* _WHAT IS NEEDED_
Within the listing below, please copy exactly the lines between the line holding "Smile Brighter, Live" and the line holding "Hollywood Smile à", inclusive.

* _RECORDS_

::::::::

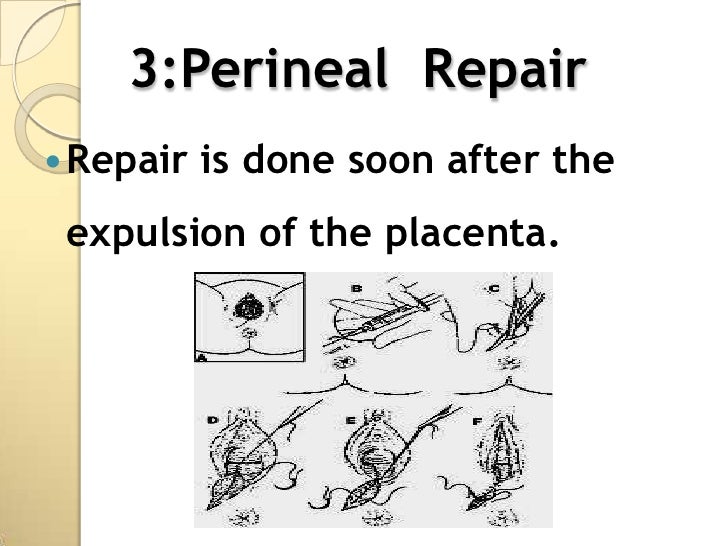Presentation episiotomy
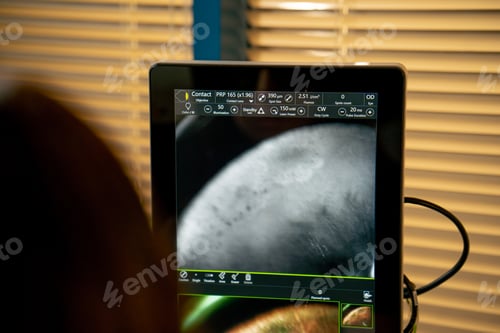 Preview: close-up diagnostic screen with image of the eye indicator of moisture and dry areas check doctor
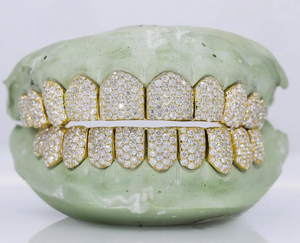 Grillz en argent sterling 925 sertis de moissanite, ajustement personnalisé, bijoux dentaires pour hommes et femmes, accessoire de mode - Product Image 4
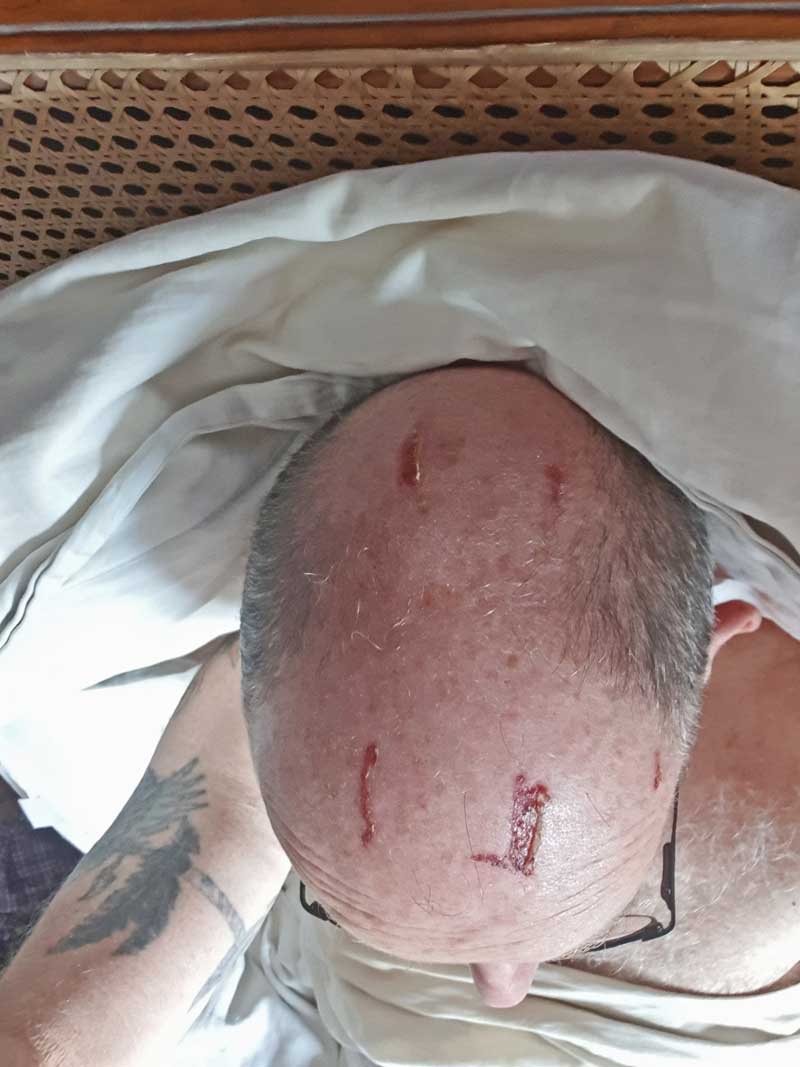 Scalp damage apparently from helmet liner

::::::::

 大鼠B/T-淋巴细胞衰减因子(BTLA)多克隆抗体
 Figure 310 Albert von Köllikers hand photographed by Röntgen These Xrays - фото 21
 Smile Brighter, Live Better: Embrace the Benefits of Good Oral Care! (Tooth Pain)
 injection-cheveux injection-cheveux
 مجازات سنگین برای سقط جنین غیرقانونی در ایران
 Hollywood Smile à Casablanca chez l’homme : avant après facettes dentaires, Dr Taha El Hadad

::::::::

* _EXPECTED ANSWER_
 Smile Brighter, Live Better: Embrace the Benefits of Good Oral Care! (Tooth Pain)
 injection-cheveux injection-cheveux
 مجازات سنگین برای سقط جنین غیرقانونی در ایران
 Hollywood Smile à Casablanca chez l’homme : avant après facettes dentaires, Dr Taha El Hadad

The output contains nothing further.